Sur le premier trimestre de l’année, les produits structurés ont prouvé être un moteur de croissance supérieur aux attentes. D’où vient leur succès?

Il existe plusieurs types de produits structurés qui répondent à des perspectives différentes. J’en retiendrai ici trois. En premier lieu, les produits structurés permettent de tirer parti du potentiel de croissance d’un titre, d’un secteur ou même d’un marché au sens large. Un autre potentiel est celui de traduire la volatilité en rendement. Je dirais même que c’est l’unique outil qui permet de le faire. Enfin, les produits structurés permettent d’aborder certaines thématiques très spécifiques auxquelles un investisseur moyen n’a ordinairement pas accès. Dans ce qui est la plus longue période de hausse jamais enregistrée, ces instruments représentent un apport significatif à la performance d’un portefeuille.

Ne présentent-t-ils pas toutefois certains risques en cas de retournement des marchés?

Ce risque existe dans tous les cas de figure. Les produits structurés permettent d'investir dans des convictions auxquelles l’investisseur moyen n'aurait pas accès autrement.
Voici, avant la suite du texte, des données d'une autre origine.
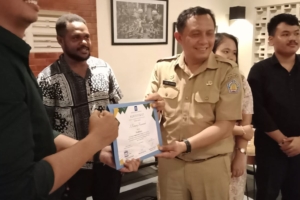 Badan Kesbangpol Bali Sebagai Narasumber pada Seminar Umum 2024 “Potret dan Harapan Sektor Keadilan Pembangunan Indonesia Bagian Timur”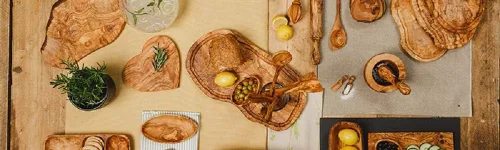Vista 2 de Tabla de cortar de madera de olivo/tabla de quesos - 14 pulgadas. Tabla de madera de olivo para queso, corte, cocina, embutidos. Producto artesanal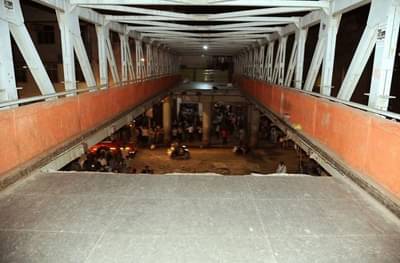 सीएसएमटी स्टेशनबाहेरील तो पूल पुन्हा बांधणार, सहा महिन्यात पूल खुला करण्याचा प्रयत्न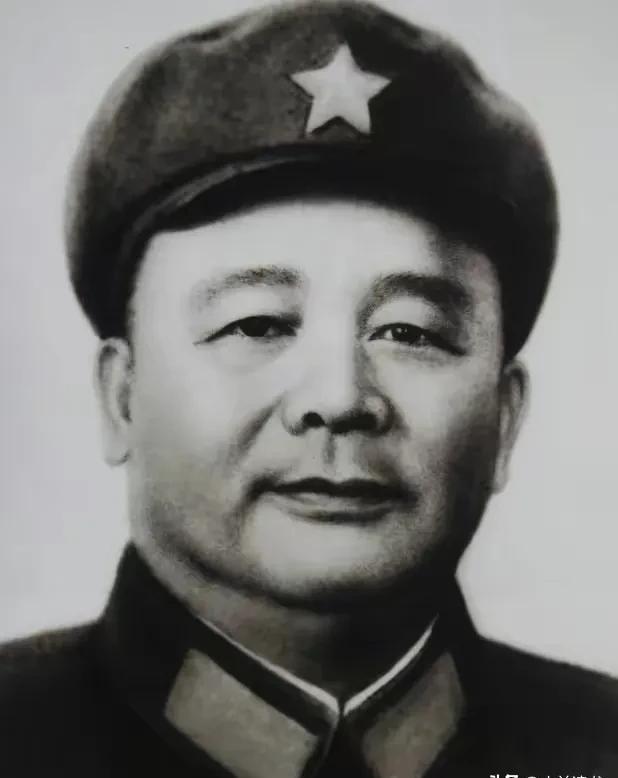 [微风]1950年，与徐海东失散二十多年的女儿徐文金在广播中听到了父亲的名字。她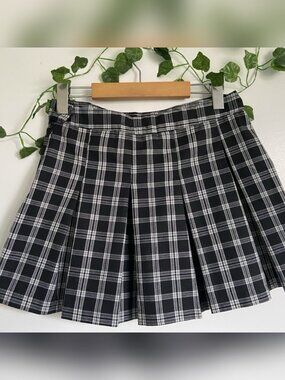 H&M Divided Black White Plaid Pleated Mini Skirt Dark Academia Preppy Size 6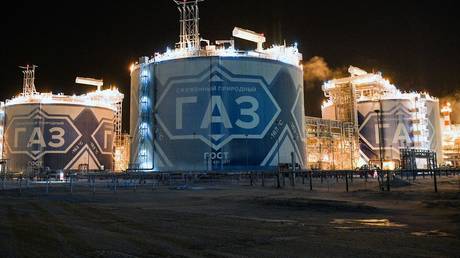 Газовый парадокс: ЕС резко нарастил закупки российского СПГ, но обещает отказаться к 2027 году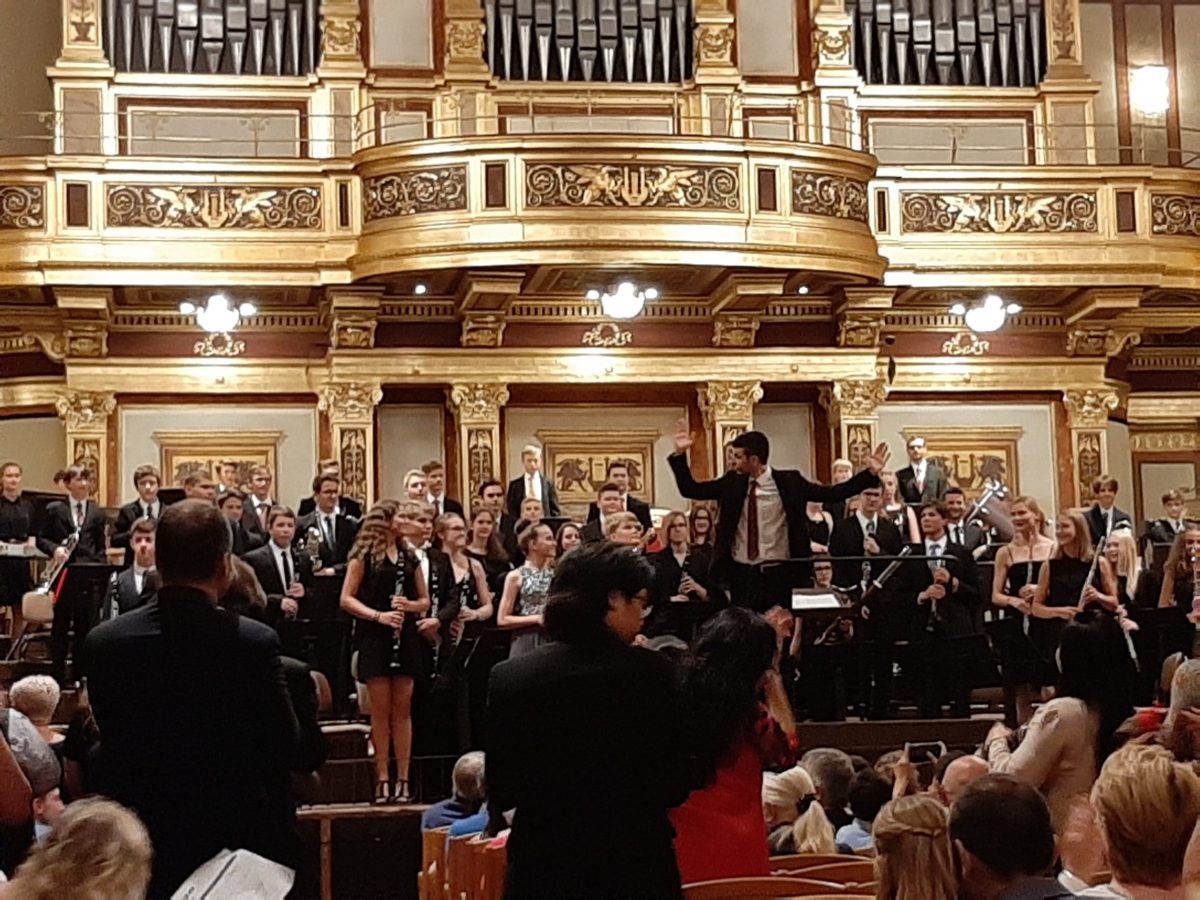 Koncert puhačkih orkestara GŠ Blagoje Bersa i prijatelja iz Austrije u atriju Palače Cedulin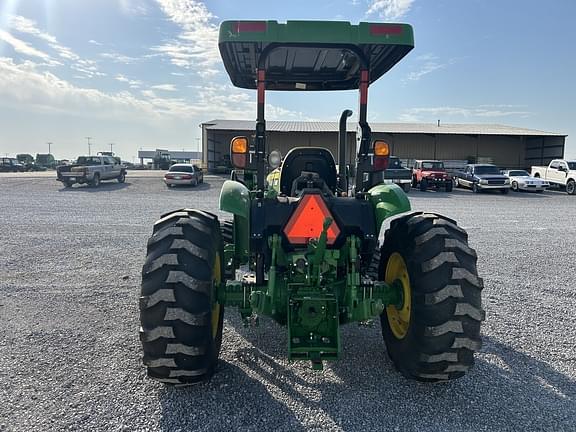 Image of John Deere 5075E equipment image 3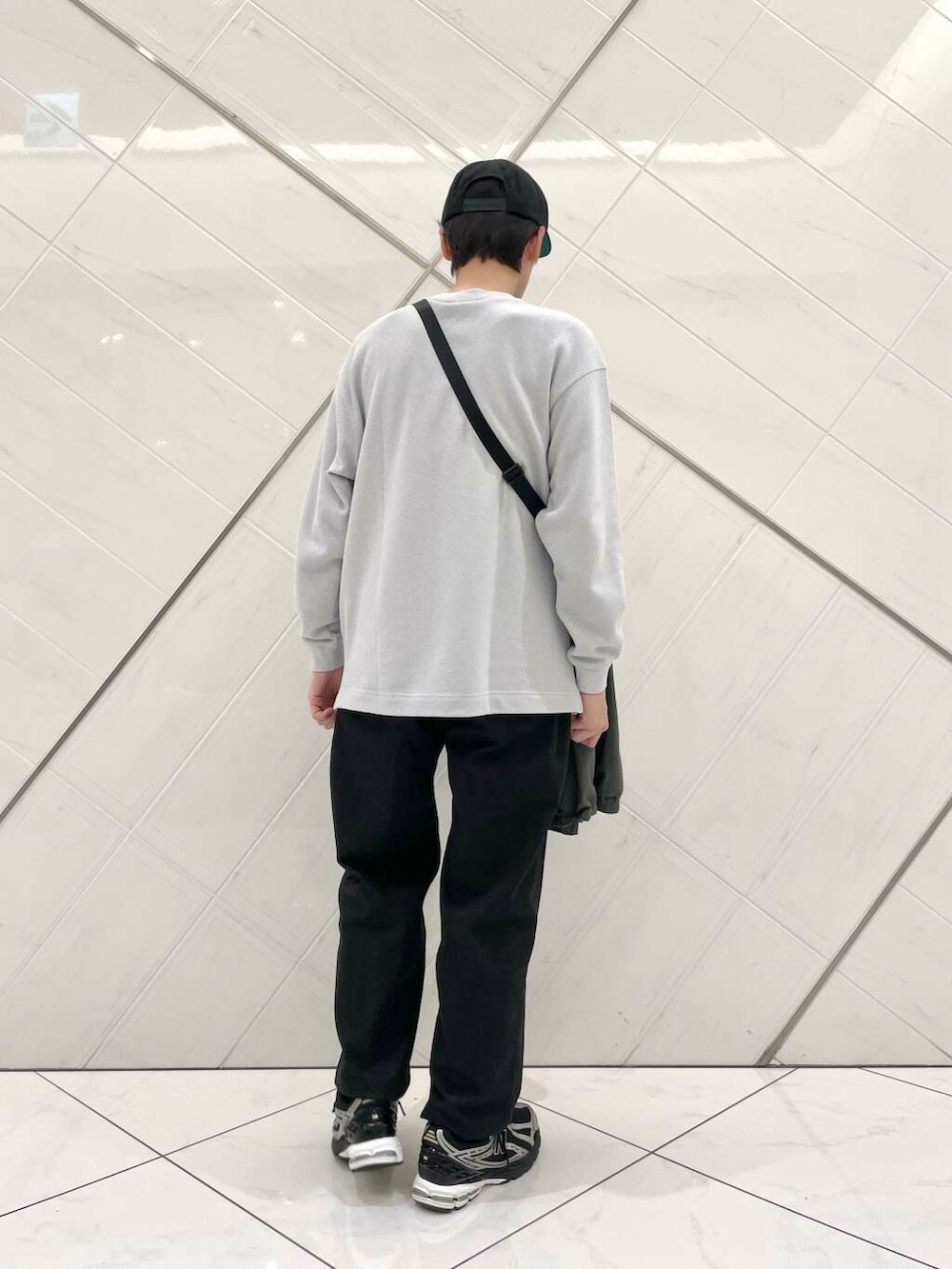 「デニムパンツ、Gramicci、LACOSTE、THENORTHFACE、doors、EKAL、newbalance、メンズファッション、ナイロンジャケット、機能性素材urtech、ここでしか手に入らない別注アイテム、シューズサイズ27cm～27.5cm、新作スニーカーコーデ」｜「EKALの8パネルベースボールキャップ（キャップ、ブラック系）」を使った、山﨑 亮太さん（メンズ・172cm）の春コーディネートの9枚目の写真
Il est très conscient des risques et n’y affecte, en moyenne, que 3 à 7% de son portefeuille.

Revenons sur un sujet d’actualité. Vous estimez qu’intégrer pleinement l’ESG au processus d’évaluation du risque vaut mieux qu’essayer de convaincre la clientèle du bien-fondé d’un produit ou d’un autre. Quelle est votre philosophie? 

L'ESG a connu plusieurs vagues. Dans les premiers temps, ceux qui décidaient de l’orientation de l’investissement (églises, trusts, fondations) en étaient également les bénéficiaires. Ces premiers clients ont donc approché la question en fonction d’angles très disparates, conduisant à des univers d'investissement peu homogènes d’un portefeuille à l’autre. Puis, on a vu apparaitre un deuxième type de clientèle au sein de laquelle les propriétaires d'actifs et les bénéficiaires n’étaient pas les mêmes. C’est le cas des fonds de pension qui gèrent des capitaux dont ils ne sont pas les bénéficiaires ultimes. Est apparu alors un autre éventail d'attentes et c’est à cette époque que l’Environnement, la Société et la Gouvernance (avec ce qu’elle implique d’engagement de la part de l’investisseur) sont devenus les paramètres de l'investissement durable. Dans ces conditions, le mieux est d'intégrer ces paramètres dans le processus d'investissement et de juger aux résultats.

La réglementation joue toutefois un rôle clé sur le résultat d’un investissement.

C’est effectivement un paramètre important mais la réglementation ne fait que refléter le consensus sous-jacent, le sentiment du public. Ce sentiment du public est la clef des résultats à long terme car les marchés ne sont pas parfaits et peuvent échouer pour ne pas avoir pris en compte les externalités.

Estimez-vous qu’en matière de finance durable, il est nécessaire d’établir des standards rigoureux?

La transparence, la divulgation de l’information et sa comparabilité sont indispensables. Nous avons besoin en matière d’ESG d’un cadre équivalent à celui imposé par les normes comptables. Ce n’est pas au banquier de décider ce qui est bon et ce qui est mauvais mais il doit avoir en main les instruments pour évaluer correctement les risques.